Good piece from Pete Thamel exploring the decision of players like Fournette and McCaffrey to pass on playing in bowl games in an era when there doesn’t seem to be an end to expanding the pool. And why is that? C’mon, you know why.
That corporate sprawl offered another reminder—if you needed one—just how much cash is at stake. There’s a reason ESPN televises 38 of the 41 games and owns and operates 13 of them. There’s a reason that 27 of the 41 bowl games didn’t exist 30 years ago.
In a suite high above FAU Stadium during the second quarter, American Athletic Conference commissioner Mike Aresco recalled his time as an executive at CBS when they televised an Indiana-Butler game in 2012 that ended in an overtime upset of the No. 1 Hoosiers. Aresco was thrilled until he saw the Gildan New Mexico Bowl—between Arizona and Nevada—crush it in the ratings by 1.9 to 1.5. “That’s when I realized,” he said, “football had become king.”

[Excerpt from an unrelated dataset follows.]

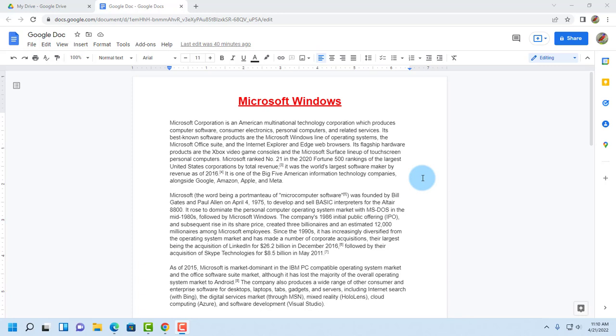In this video I'm going to show you how to email a Google Doc as a PDF attachment and also as a Microsoft Word attachment.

If you’re ESPN, December is berry, berry good to you.
But bowl games have undeniably become the December background noise at your company holiday party, your December treadmill sprints and those cold nights when the Potato Bowl is more comforting than leaving the couch. Americans like watching football, as evidence by the 2015 Russell Athletic Bowl—between non-traditional powers Baylor and North Carolina—doing the same rating (2.6) as the top-rated regular season college basketball (UNC-Duke) last year. The December bowl orgy is annually one of the most flush ratings runs for ESPN every year…
Forget school spirit. What about us couch potatoes on a cold weekday night needing the kind of fix only the Boca Raton Bowl can provide?
So, remember, kids — at least those rare and few of you gifted enough to have a chance to play on Sundays while being relegated to a lower-tier exhibition game for one last hurrah — if you’re not motivated to stick around for your teammates and dear old U, do it for all the college football junkies out there. Otherwise, we’ll be stuck watching meaningless regular season college basketball games. The horror!
ESPN and its advertisers are counting on you. Don’t let them down.